Allegiant gives back gains

Allegiant’s new 7¼% senior secured first-lien notes due 2027 gave back much of their gains following a strong break the previous session as the market’s rally deflated midsession.

However, the notes maintained a slight premium, closing the day above their discounted issue price.

The 7¼% senior notes opened Thursday on a 101-handle.

The notes were marked at 101 bid, 101½ offered early in the session and traded as high as 101 5/8, sources said.

However, the notes came in alongside the broader market as selling pressure once again reared its head.

The 7¼% notes fell to par and were changing hands in the 99 7/8 to par 1/8 context heading into the close.

“They were all over the place,” a source said.
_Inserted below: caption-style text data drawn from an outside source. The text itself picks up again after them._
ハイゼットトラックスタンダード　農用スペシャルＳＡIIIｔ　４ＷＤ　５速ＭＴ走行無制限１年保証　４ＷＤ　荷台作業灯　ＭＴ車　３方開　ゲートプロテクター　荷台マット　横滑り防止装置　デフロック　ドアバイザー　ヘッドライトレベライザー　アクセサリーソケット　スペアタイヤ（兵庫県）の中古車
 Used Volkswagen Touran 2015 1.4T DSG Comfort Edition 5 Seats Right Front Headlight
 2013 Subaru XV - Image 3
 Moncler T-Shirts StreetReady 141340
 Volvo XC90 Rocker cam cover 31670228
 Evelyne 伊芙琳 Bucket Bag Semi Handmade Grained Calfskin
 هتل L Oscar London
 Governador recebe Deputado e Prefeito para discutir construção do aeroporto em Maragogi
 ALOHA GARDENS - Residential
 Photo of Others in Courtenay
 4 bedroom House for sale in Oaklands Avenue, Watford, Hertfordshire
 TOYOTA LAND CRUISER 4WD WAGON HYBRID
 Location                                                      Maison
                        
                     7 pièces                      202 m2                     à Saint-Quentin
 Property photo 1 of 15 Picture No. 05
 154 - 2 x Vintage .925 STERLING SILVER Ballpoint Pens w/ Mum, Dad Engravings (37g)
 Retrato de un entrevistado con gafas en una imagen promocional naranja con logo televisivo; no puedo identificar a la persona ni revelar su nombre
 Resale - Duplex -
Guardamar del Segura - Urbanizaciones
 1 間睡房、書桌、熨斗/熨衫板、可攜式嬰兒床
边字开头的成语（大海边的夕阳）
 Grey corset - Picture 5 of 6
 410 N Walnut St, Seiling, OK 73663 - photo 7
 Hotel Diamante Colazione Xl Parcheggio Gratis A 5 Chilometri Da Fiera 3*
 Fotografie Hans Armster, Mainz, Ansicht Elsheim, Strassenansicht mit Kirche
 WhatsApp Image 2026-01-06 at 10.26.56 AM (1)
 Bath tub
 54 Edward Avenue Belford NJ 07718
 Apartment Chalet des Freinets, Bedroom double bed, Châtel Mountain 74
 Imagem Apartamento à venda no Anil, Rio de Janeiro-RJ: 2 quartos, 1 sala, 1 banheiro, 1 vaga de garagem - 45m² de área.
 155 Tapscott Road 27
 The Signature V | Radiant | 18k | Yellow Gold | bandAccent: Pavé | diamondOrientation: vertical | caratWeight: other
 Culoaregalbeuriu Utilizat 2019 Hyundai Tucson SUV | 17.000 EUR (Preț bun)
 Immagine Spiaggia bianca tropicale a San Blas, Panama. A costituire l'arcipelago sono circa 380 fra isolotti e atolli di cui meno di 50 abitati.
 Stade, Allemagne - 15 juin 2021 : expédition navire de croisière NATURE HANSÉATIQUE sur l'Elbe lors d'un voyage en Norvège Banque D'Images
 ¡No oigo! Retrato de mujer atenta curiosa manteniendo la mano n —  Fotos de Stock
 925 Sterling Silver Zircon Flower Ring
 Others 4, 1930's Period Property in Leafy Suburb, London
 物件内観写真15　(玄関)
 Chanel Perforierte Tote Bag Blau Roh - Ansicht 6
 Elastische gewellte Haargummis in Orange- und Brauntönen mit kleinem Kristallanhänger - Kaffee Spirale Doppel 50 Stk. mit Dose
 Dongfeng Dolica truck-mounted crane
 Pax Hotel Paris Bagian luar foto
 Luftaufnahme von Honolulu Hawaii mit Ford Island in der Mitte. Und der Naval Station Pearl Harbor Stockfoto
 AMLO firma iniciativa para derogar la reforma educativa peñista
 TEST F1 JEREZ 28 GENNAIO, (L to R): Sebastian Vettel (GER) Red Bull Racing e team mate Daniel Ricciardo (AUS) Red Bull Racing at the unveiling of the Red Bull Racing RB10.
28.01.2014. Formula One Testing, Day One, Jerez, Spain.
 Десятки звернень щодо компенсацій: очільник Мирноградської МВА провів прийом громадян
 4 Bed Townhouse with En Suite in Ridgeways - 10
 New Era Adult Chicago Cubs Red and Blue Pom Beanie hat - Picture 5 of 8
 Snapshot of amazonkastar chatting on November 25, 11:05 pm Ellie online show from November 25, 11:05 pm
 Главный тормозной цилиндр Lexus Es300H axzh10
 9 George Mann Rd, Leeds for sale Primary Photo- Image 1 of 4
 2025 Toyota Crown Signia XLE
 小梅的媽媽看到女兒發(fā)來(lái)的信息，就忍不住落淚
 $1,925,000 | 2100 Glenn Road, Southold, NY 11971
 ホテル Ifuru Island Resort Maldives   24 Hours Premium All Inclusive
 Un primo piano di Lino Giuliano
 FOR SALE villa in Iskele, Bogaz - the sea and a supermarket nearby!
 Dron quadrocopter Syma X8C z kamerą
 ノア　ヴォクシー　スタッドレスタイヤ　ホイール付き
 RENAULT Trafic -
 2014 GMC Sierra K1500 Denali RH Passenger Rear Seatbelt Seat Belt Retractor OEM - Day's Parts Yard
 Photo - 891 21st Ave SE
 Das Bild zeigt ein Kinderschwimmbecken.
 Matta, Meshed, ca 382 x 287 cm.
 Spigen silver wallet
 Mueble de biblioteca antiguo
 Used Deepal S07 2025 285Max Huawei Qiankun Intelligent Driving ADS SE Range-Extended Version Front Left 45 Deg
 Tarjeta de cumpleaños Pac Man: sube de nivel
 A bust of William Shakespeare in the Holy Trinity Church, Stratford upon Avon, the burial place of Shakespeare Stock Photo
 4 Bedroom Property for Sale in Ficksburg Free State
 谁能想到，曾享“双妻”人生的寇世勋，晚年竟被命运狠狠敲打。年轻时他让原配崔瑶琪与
The notes were the most actively traded issue in the secondary space with $57 million in reported volume.

Allegiant priced an upsized $550 million, from $500 million, issue of the 7¼% notes at 99.486 for a yield of 7 3/8% in a Wednesday drive-by.

The yield printed toward the rich end of talk for a yield in the 7½% area. Initial guidance was in the 7¾% area.

The deal was heard to be 4.5x oversubscribed and came to the market on the back of $750 million of reverse inquiry, a source said.

Charter holds

Charter’s 6 3/8% senior notes due 2029 were able to hold above par on Thursday even as weakness returned to the market.

The 6 3/8% notes opened Thursday up ¼ point and were changing hands in the par 3/8 to par ¾ context.

However, they lost steam as the session progressed and closed Thursday flat in the par to par ¼ context.

The notes remained active with $20 million in reported volume.

Charter’s notes have wavered between small gains and losses since the $1.5 billion issue priced at par on Aug. 4.

Six Flags under pressure

Six Flags’ 5½% senior notes due 2027 were under pressure on Thursday following disappointing earnings.

The 5½% notes traded in a wide range amid Thursday’s volatility.

While the majority of trades were on a 97- to 96-handle, the notes sank at the close to end the day at 95½, a decrease of 2½ points, a source said.

The notes saw heavy volume on Thursday with $15 million in reported volume.

The amusement park operator was under pressure after reporting a large revenue miss due to declining attendance.

Revenue was $435 million versus analyst expectations for revenue of $518.5 million.

Indexes

The KDP High Yield Daily index gained 7 points to close Thursday at 57.62 with the yield 6.37%.

The index was up 42 points on Wednesday, fell 18 points on Tuesday and gained 18 points on Monday.

The ICE BofAML US High Yield index gained 28.9 bps with the year-to-date return now negative 7.457%.

The index gained 60.7 bps on Wednesday, fell 31.7 bps on Tuesday and gained 35.2 bps on Monday.

The CDX High Yield 30 index was down 16 bps to close Thursday at 102.32.

The index jumped 151 bps on Wednesday, fell 61 bps on Tuesday and gained 16 bps on Monday.